Short text fragments from websites
──────

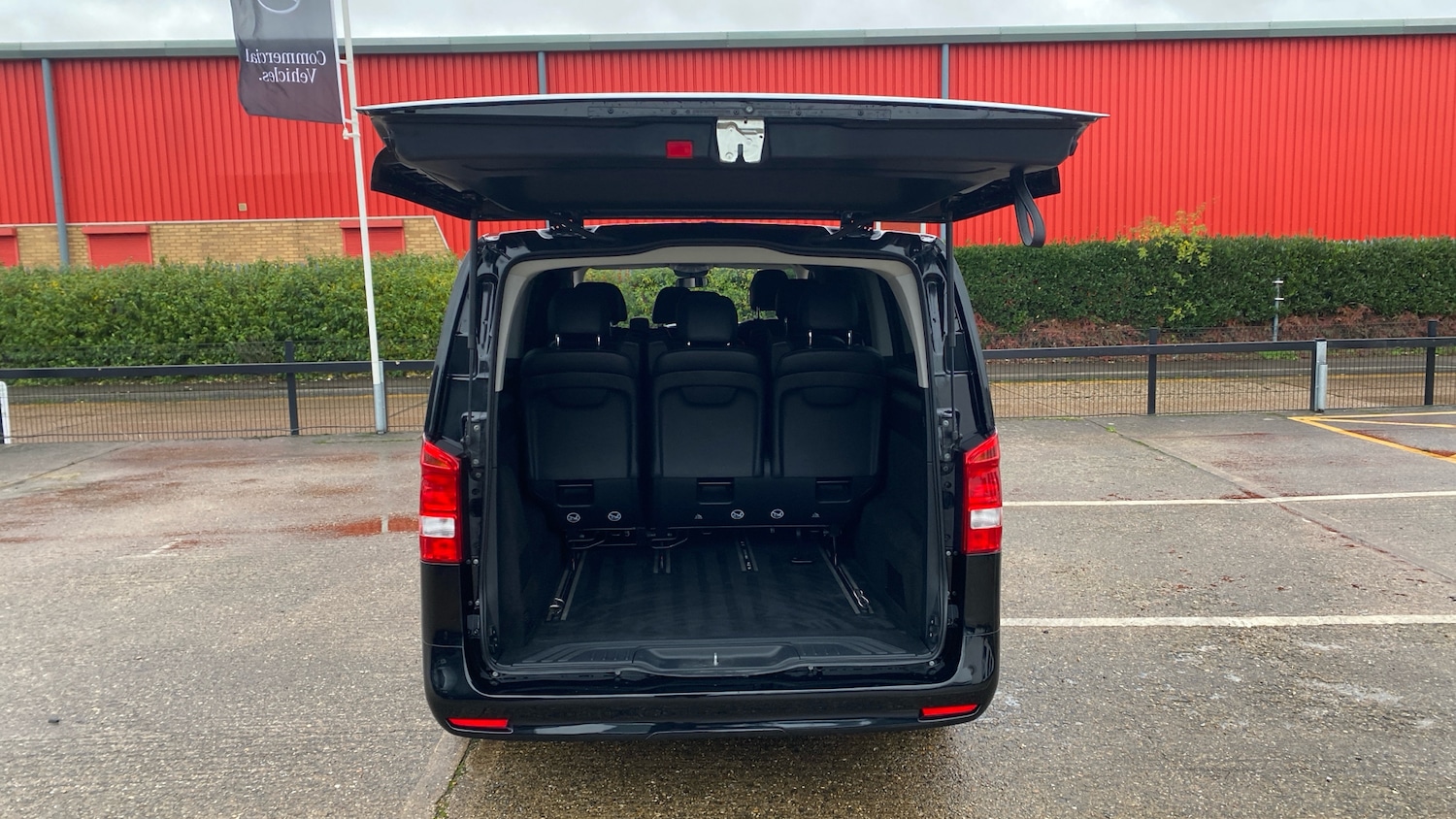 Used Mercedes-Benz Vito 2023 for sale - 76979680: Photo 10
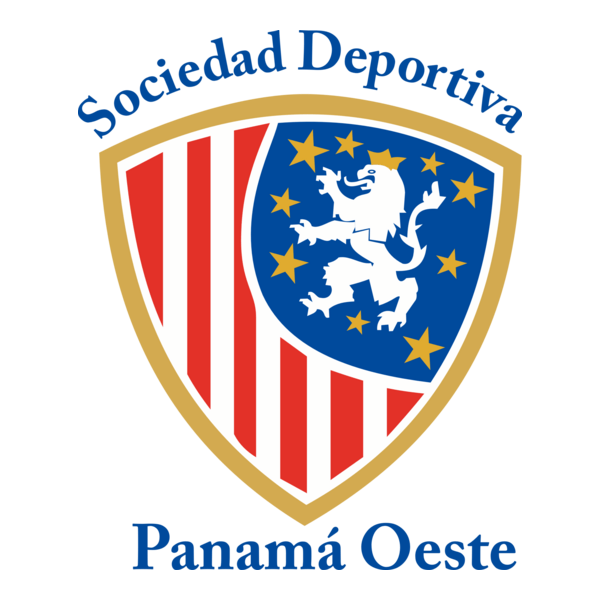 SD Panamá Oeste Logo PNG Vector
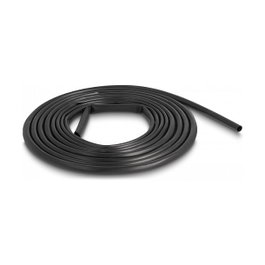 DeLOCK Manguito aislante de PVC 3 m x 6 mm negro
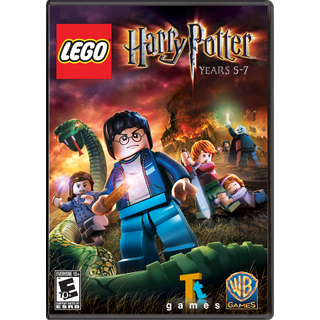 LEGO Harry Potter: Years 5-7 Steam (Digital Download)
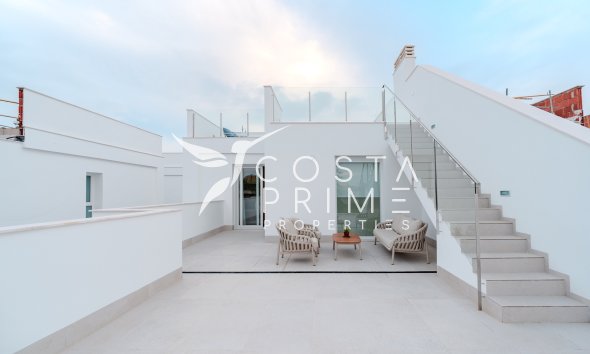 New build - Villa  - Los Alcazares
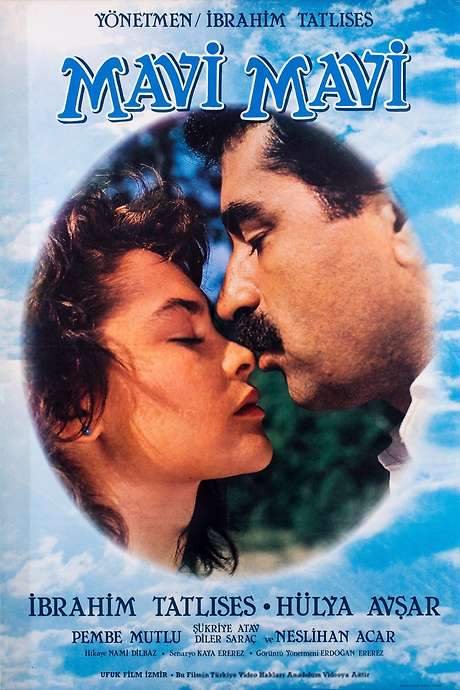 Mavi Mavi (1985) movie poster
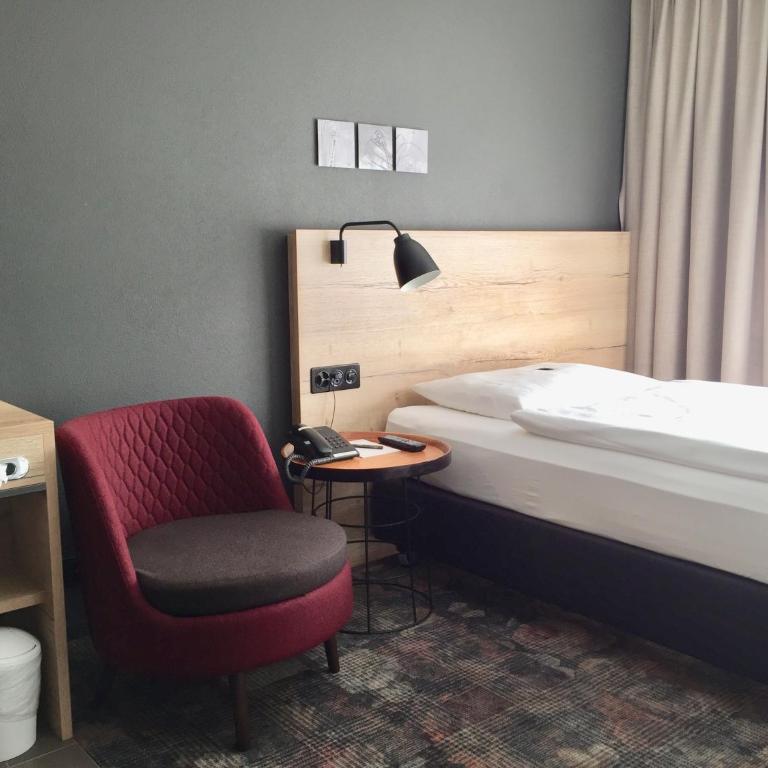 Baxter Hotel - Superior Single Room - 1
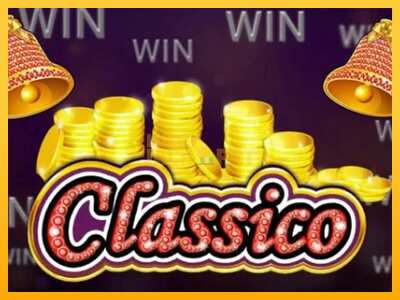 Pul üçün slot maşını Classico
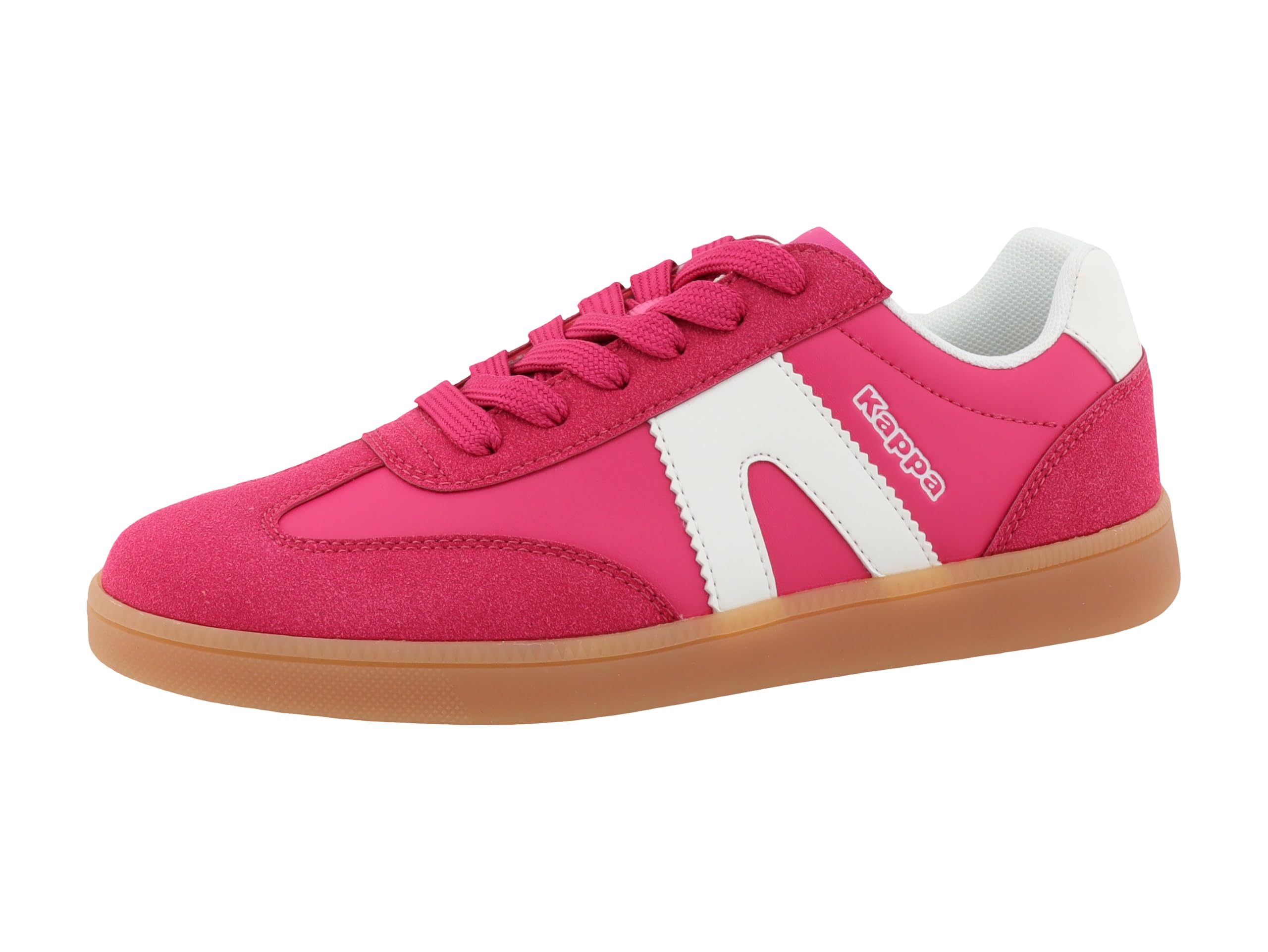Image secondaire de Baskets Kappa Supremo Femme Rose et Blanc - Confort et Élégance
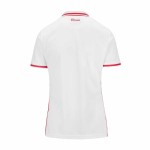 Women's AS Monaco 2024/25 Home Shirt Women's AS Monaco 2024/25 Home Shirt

──────

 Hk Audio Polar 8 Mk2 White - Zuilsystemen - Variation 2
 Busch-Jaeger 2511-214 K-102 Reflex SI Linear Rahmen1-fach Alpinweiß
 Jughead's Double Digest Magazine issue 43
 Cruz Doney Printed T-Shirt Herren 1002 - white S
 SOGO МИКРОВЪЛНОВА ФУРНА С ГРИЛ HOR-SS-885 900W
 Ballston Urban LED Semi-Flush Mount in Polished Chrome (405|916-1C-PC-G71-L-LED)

──────

REQUIREMENT -> Look back at the data above, then output exactly the lines from the line holding "Used Mercedes-Benz Vito" up to and including the line holding "Women's AS Monaco 2024/25 Home Shirt Women's". Leave out the pictures.

SOLVED EXERCISE ->
 Used Mercedes-Benz Vito 2023 for sale - 76979680: Photo 10
 SD Panamá Oeste Logo PNG Vector
 DeLOCK Manguito aislante de PVC 3 m x 6 mm negro
 LEGO Harry Potter: Years 5-7 Steam (Digital Download)
 New build - Villa  - Los Alcazares
 Mavi Mavi (1985) movie poster
 Baxter Hotel - Superior Single Room - 1
 Pul üçün slot maşını Classico
Image secondaire de Baskets Kappa Supremo Femme Rose et Blanc - Confort et Élégance
 Women's AS Monaco 2024/25 Home Shirt Women's AS Monaco 2024/25 Home Shirt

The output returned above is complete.